Doctors Wrote Prescriptions for Liquor during Prohibition

Doctors Wrote Prescriptions for Liquor during Prohibition

Donna Patricia Ward - July 18, 2018

Doctors Wrote Prescriptions for Liquor during Prohibition
Hawaiian Gazette cartoon from 1902. Wikipedia.

Prescriptions for Liquor – NO REFILLS!

Regardless of how taverns and alcohol benefited the working class and immigrant communities, the Anti-Saloon League was determined to shutter all drinking establishments. Women in black dresses paraded up and down streets in vice districts praying loudly for the poor souls that entered into the saloons. They professed that the ethnic saloons were dens of ill repute. For the moralists, these dens had to be shut down and the sooner the better.

Then the unimaginable happened. The moralist won. On a wave of implementing prohibition in numerous states, they were able to convince United States Congress to pass a constitutional amendment outlawing “intoxicating liquors.” Suddenly, alcohol patrons found themselves in a pickle. Beginning on January 17, 1920, they would no longer be able to walk into their favorite watering hole and order a beer. A glimmer of hope arose. As the moralist celebrated their victory over the elimination of alcohol and the closing of numerous taverns, the 66th Congress passed the National Prohibition Act commonly known as the Volstead Act.

Moralists were happy, but drinkers—alcoholics or not—and businesses that made their money from the sale, manufacturing, and transporting booze were not. The Volstead Act gave federal and state governments the authority to regulate and enforce the 18th Amendment. While the 18th Amendment prohibited “the manufacture, sale, or transportation of intoxicating liquors” it made no provision for enforcing the law, which is what the Volstead Act did. And that glimmer of hope? It was in the the language of the Volstead Act that stated there had to be an “ample supply of alcohol” for use in “scientific research” as well as use in “fuel, dye…and religious rituals.” Doctors now became the avenue through which people could get alcohol.

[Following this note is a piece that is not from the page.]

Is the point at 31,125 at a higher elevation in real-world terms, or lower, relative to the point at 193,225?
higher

Doctors Wrote Prescriptions for Liquor during Prohibition
Prescription for medicinal alcohol during Prohibition. Wikipedia.

The 18th Amendment did not prohibit people from drinking alcohol. For centuries, people drank liquor to ease the aches and pains of everyday life. Sometimes brandy-soaked rags were used to comfort a teething infant and other times whiskey was used to ease the pain of pneumonia, tuberculous, high blood pressure, even cancer. Alcohol was widely used to warm a person up after a cold night’s walk or with the hearing of bad news. It was this common acceptance of the medical benefits of alcohol that the US Treasury Department printed alcohol prescription pads.

The idea was that someone with a medical complaint would go to see their doctor. After an examination, if deemed appropriate, the doctor would write a prescription. The government-issued prescription pad had the doctor fill out the kind of liquor, the quantity, and directions. This was followed by the date of the prescription, the patient’s name, address, as well as the name and license number of the doctor. There were spaces for the drug store’s name and its permit number as well as the date filled and cancelled along with the store’s address. On the bottom of the prescription were the words, THIS PRESCRIPTION MUST NOT BE REFILLED.